▶ [Your goal]:
With the pictures left out, please return exactly the line holding "Flat lay of" and each following line until the entries end.

▶ [Exercise material]:
★ ★ ★ ★ ★ ★ ★

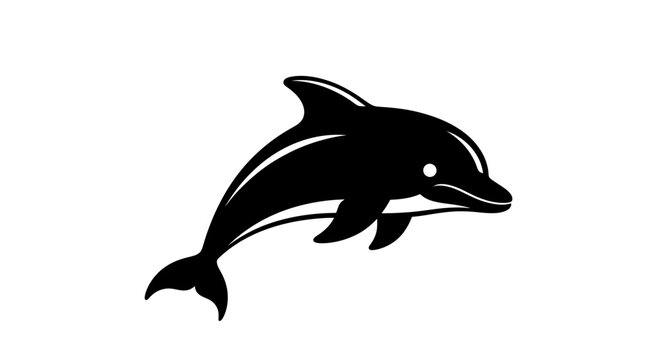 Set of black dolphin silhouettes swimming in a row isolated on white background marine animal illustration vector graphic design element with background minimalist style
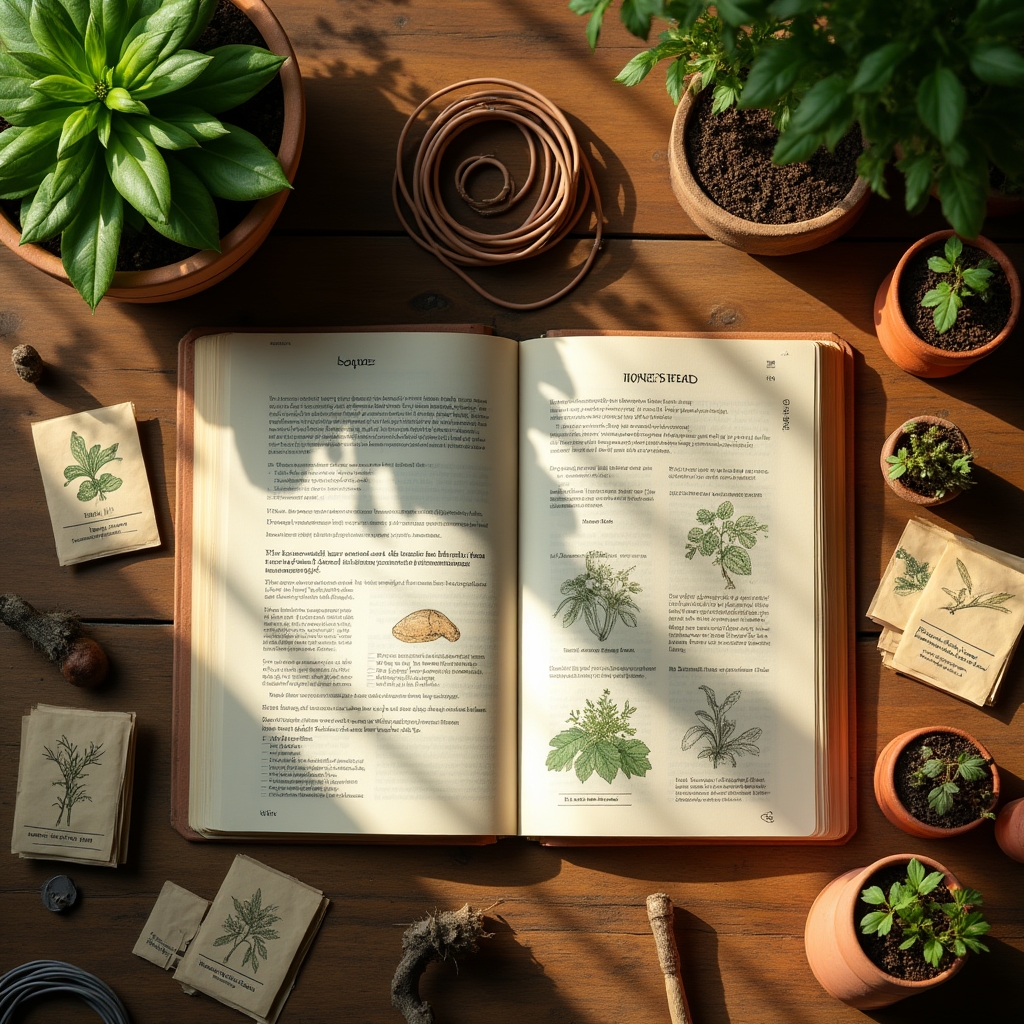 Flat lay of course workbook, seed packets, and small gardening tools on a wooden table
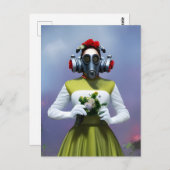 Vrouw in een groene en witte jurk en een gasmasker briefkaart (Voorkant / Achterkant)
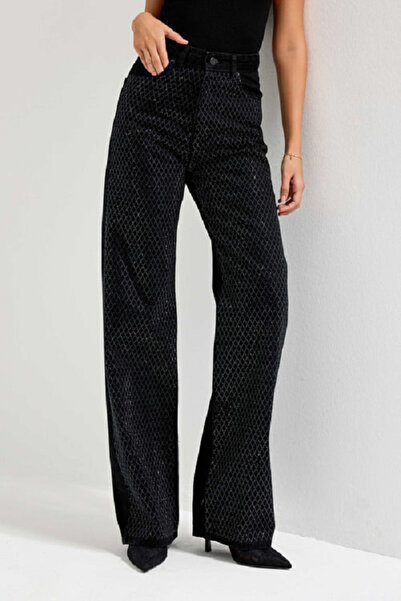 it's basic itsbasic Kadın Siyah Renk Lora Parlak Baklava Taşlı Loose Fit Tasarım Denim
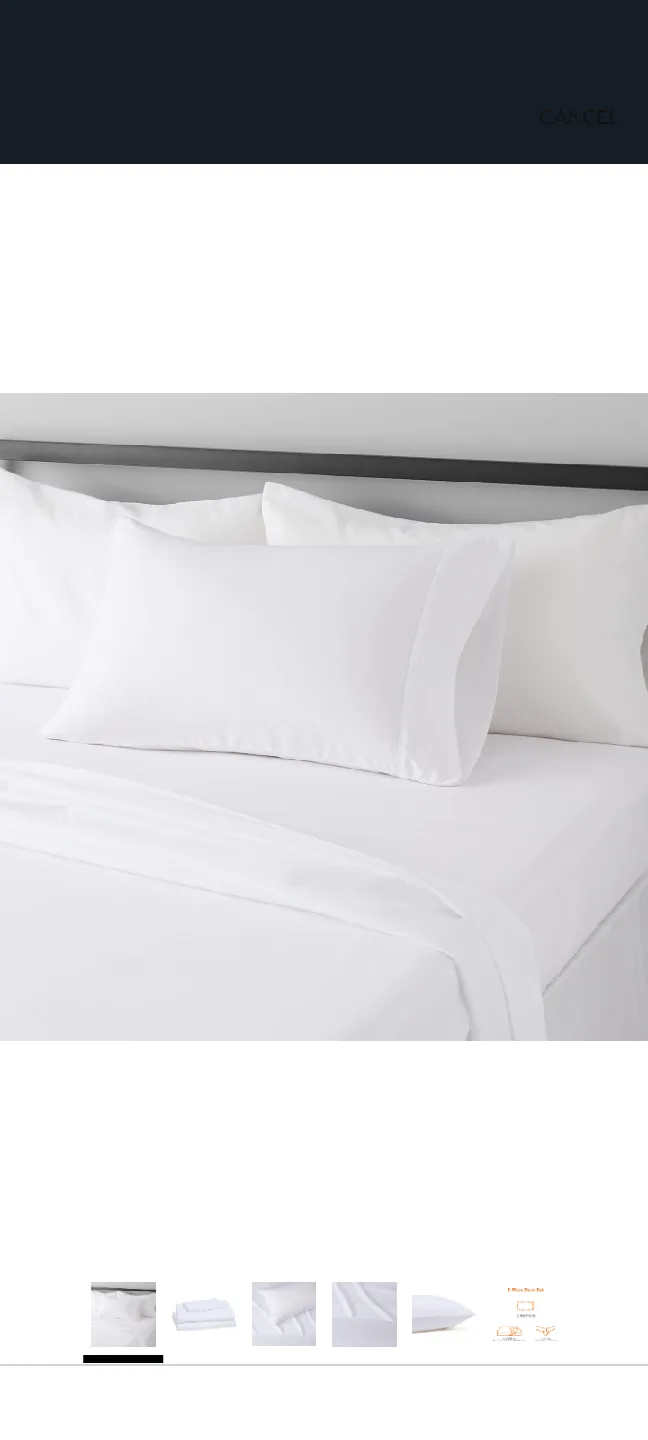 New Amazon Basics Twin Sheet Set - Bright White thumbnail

★ ★ ★ ★ ★ ★ ★

▶ [Answer section]:
 Flat lay of course workbook, seed packets, and small gardening tools on a wooden table
 Vrouw in een groene en witte jurk en een gasmasker briefkaart (Voorkant / Achterkant)
 it's basic itsbasic Kadın Siyah Renk Lora Parlak Baklava Taşlı Loose Fit Tasarım Denim
 New Amazon Basics Twin Sheet Set - Bright White thumbnail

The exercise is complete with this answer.